With a nod to the end of 2023, I considered compiling a top ten list of the books, art, music and more that inspired me this year as a soulful revolutionary. However, there’s no way I could narrow down the list that succinctly! So instead, I want to share just a few resources that have sustained my spirit this year, which you might find nourishing too.
I wish you a wonderful holiday season. Amidst so much suffering and injustice in the world, may we all be regularly surprised by the joy that sustains our capacity to dream of a different world, and nurtured by the love that keeps us human. See you in 2024.
Hope and Hard Pills
For several years, the Hope and Hard Pills Podcast has equipped and empowered listeners with practical insights for revolution and resilience. I highly recommend a deep dive into the archive of episodes!
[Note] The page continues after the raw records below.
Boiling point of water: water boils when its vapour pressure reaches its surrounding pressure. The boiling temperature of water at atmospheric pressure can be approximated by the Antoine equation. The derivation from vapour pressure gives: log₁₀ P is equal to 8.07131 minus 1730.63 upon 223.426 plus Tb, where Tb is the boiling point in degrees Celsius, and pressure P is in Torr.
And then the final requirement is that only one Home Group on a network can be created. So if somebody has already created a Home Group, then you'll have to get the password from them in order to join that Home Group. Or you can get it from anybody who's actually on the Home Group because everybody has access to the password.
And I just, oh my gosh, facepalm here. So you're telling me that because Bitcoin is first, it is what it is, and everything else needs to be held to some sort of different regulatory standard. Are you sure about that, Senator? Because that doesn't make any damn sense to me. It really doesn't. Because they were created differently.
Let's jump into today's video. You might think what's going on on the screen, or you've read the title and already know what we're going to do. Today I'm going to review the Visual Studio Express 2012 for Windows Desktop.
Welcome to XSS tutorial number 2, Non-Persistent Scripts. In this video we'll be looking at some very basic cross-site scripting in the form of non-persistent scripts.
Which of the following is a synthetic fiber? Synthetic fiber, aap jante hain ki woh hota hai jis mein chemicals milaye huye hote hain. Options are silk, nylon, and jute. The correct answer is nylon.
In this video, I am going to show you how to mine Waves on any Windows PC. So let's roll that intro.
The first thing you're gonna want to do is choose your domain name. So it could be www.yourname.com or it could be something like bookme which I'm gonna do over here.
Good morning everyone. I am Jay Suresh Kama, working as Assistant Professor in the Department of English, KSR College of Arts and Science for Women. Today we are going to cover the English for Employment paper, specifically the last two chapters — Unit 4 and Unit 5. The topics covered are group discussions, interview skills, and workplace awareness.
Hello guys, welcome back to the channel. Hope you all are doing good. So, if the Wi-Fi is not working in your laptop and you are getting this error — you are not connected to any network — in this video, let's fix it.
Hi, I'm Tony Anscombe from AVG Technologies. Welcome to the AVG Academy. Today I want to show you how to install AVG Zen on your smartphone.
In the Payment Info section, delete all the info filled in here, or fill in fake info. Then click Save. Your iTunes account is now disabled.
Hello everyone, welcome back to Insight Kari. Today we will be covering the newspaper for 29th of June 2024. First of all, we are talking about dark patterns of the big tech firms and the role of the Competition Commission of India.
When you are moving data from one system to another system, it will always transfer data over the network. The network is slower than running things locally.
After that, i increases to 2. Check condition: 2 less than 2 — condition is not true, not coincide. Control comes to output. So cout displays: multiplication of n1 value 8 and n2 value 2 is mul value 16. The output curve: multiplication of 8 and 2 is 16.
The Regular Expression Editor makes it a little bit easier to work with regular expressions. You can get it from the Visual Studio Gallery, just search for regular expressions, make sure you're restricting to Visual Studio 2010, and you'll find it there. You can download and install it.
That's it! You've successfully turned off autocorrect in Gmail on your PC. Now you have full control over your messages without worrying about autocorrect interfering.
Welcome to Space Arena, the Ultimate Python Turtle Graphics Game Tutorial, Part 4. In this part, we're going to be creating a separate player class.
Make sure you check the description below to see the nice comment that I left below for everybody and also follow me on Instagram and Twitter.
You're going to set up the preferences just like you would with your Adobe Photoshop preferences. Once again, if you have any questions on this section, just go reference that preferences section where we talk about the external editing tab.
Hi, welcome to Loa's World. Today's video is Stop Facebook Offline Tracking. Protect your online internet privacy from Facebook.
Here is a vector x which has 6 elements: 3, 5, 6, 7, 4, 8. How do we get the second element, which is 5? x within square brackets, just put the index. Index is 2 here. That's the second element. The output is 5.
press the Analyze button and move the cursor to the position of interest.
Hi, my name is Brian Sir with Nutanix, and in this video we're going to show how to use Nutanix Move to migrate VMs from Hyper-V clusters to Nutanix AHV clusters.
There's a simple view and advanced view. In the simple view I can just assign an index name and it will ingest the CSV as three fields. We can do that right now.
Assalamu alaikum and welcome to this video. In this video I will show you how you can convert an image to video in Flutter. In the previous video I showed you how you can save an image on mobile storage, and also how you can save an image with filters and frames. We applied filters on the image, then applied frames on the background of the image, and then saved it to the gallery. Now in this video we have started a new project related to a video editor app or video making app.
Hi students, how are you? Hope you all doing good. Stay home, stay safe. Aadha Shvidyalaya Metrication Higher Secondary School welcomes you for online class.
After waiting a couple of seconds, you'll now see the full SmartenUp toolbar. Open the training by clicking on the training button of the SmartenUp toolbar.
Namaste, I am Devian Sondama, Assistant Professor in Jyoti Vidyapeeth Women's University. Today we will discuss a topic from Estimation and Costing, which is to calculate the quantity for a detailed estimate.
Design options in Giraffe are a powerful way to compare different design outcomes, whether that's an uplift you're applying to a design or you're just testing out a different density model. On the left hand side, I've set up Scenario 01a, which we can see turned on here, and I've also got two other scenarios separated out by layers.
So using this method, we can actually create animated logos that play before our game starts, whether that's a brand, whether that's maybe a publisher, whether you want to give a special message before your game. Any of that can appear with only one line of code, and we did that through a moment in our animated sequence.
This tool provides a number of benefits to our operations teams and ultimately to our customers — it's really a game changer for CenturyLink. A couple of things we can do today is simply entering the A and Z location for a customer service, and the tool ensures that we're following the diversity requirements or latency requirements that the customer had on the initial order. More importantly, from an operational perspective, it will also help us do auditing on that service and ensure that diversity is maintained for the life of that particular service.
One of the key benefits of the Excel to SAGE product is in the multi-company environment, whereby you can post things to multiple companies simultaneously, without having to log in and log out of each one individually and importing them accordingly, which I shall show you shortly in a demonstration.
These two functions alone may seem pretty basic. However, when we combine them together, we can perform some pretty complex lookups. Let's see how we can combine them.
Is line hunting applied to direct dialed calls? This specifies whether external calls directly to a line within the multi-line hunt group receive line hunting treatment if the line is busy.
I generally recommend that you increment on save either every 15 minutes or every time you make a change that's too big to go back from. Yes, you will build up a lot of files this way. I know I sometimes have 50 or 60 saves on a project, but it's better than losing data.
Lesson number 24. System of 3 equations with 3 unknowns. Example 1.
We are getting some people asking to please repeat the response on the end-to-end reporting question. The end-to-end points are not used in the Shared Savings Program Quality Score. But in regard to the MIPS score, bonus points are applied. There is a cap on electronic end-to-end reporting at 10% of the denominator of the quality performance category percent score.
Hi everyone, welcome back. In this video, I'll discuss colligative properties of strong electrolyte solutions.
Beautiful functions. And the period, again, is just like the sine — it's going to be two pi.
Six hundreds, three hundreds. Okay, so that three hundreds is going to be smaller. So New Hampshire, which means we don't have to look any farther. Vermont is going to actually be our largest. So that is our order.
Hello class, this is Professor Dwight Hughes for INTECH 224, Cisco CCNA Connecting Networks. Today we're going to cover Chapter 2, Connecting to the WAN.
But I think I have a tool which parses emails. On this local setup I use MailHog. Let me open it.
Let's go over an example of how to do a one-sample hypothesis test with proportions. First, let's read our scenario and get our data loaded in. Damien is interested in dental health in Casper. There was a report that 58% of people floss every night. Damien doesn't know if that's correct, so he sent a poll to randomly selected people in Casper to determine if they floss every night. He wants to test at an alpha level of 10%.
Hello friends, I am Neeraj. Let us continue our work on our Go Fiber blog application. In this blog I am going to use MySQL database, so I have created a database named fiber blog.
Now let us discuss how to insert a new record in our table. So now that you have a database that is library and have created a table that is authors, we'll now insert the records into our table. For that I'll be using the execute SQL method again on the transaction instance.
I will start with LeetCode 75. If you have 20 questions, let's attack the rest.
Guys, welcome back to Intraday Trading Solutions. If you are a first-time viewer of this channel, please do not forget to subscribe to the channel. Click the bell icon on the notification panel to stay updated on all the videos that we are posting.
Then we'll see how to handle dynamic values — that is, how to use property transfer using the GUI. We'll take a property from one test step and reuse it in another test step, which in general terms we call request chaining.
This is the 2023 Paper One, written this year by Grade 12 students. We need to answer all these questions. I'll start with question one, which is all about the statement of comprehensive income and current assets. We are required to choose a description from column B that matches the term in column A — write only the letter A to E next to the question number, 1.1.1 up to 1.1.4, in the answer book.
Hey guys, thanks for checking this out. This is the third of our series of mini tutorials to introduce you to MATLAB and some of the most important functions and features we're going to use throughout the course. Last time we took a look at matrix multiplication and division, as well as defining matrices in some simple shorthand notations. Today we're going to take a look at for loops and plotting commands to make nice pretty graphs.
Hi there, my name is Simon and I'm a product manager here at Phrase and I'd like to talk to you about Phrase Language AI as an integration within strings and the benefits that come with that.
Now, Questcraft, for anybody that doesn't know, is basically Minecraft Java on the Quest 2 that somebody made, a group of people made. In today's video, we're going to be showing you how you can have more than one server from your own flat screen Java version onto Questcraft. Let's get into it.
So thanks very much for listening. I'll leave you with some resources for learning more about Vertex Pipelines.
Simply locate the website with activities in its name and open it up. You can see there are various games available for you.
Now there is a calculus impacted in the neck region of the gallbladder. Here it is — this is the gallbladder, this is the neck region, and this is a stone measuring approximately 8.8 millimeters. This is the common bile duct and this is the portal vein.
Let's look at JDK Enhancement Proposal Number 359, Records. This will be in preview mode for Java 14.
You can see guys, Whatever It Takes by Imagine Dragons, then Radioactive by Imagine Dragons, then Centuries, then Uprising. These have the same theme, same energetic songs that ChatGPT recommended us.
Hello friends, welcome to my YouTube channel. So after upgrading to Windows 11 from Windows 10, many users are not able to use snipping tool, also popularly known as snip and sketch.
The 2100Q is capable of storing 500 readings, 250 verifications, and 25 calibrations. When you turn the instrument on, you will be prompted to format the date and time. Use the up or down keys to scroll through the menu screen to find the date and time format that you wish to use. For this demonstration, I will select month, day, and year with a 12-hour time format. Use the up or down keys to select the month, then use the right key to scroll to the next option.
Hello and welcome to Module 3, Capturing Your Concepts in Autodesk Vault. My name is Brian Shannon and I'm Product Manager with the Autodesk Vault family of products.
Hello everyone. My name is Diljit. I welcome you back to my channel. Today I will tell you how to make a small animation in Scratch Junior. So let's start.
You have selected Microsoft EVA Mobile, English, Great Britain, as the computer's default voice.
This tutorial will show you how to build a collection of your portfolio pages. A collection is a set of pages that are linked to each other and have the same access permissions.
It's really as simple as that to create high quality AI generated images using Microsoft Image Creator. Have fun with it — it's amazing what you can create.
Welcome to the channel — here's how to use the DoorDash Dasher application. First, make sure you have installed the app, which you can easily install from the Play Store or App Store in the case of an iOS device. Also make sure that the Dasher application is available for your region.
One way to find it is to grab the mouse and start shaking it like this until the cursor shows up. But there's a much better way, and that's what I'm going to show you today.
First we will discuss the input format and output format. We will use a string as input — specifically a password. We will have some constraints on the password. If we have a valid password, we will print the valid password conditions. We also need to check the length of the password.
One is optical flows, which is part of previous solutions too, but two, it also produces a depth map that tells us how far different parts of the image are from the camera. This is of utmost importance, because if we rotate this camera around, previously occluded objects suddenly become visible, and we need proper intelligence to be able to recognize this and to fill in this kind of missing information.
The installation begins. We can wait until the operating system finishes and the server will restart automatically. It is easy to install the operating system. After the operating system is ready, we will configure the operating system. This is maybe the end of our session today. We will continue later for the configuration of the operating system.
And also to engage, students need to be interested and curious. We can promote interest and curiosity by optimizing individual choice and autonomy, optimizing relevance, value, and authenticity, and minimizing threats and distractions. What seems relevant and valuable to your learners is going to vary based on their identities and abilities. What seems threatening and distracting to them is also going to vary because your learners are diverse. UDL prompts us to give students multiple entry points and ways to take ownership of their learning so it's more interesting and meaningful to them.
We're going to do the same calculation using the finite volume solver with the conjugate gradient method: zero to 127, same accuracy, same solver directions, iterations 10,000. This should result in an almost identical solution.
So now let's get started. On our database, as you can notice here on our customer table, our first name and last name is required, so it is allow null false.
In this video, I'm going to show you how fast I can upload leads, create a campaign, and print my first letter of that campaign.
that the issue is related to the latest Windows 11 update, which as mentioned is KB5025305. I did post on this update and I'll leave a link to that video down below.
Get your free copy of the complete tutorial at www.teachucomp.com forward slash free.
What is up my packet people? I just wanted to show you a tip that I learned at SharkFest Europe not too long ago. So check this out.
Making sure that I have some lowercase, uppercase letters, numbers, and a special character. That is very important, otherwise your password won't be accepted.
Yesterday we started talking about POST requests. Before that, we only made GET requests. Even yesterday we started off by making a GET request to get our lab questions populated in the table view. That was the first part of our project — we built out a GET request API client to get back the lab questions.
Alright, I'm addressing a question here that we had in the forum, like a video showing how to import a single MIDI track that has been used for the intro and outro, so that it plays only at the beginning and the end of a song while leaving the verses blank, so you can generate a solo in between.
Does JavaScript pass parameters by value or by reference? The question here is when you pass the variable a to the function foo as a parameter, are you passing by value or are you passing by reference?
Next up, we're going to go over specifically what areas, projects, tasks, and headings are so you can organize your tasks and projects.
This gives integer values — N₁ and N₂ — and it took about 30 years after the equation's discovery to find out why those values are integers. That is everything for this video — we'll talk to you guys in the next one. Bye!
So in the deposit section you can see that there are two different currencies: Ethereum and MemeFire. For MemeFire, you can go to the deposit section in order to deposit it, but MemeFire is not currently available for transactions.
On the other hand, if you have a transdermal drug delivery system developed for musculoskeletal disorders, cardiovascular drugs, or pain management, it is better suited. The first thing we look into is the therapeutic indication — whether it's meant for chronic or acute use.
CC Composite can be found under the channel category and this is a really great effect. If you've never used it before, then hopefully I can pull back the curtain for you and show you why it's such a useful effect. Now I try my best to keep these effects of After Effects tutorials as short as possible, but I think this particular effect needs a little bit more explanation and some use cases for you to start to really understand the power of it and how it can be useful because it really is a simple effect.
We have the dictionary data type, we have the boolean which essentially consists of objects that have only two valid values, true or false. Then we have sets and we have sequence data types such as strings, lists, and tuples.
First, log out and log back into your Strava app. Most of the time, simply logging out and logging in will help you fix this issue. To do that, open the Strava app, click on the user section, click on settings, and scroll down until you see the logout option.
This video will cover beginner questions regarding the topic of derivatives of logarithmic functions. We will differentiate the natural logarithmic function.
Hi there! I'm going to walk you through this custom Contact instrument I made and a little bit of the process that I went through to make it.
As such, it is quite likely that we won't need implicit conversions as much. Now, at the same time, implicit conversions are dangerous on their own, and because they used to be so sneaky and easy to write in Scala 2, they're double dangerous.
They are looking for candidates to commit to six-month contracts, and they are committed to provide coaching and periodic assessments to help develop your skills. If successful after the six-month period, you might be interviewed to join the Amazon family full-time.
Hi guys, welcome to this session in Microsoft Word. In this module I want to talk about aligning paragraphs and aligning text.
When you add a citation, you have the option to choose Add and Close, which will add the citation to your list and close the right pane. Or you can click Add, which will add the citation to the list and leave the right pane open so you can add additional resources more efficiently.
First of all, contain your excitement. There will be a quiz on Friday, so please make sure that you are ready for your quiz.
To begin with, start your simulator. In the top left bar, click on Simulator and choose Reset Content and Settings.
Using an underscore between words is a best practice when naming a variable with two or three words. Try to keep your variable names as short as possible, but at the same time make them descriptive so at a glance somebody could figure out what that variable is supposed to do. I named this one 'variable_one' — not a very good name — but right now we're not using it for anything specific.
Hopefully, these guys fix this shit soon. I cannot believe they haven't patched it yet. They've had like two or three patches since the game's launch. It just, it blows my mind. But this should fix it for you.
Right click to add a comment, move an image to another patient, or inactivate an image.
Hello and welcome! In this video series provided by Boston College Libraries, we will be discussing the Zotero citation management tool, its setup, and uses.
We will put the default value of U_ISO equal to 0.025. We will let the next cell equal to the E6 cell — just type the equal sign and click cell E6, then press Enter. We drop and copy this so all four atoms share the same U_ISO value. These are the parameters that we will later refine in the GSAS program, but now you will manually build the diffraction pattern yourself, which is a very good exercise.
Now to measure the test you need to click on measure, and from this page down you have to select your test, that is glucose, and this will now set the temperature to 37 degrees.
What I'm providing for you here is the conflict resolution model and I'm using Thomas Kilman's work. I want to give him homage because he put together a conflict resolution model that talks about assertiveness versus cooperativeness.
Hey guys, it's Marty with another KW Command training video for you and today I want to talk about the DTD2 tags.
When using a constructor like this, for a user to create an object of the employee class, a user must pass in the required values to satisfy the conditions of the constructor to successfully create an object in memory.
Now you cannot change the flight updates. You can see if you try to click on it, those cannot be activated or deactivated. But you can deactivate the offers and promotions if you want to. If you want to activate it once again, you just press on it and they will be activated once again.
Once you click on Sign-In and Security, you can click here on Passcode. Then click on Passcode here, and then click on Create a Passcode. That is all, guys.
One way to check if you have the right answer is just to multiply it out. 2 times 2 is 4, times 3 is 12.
As a longtime listener, I was honored to be a guest to talk about A Soulful Revolution with activist artists Andre Henry (whom I interviewed here not long ago) and TRISHES. You can listen to that episode here:
The Other Side of the Wall: A Palestinian Christian Narrative of Lament and Hope by Munther Isaac
I learned about this book from recent podcast guest, Palestinian American Episcopal priest the Rev. Leyla King, and found it to be an invaluable read before our interview. It is a crucial primer on how Palestinian Christians grapple spiritually and pragmatically with the occupation of their homeland, and features a robust liberation theology, from a Lutheran pastor raised in the shepherds fields of Bethlehem.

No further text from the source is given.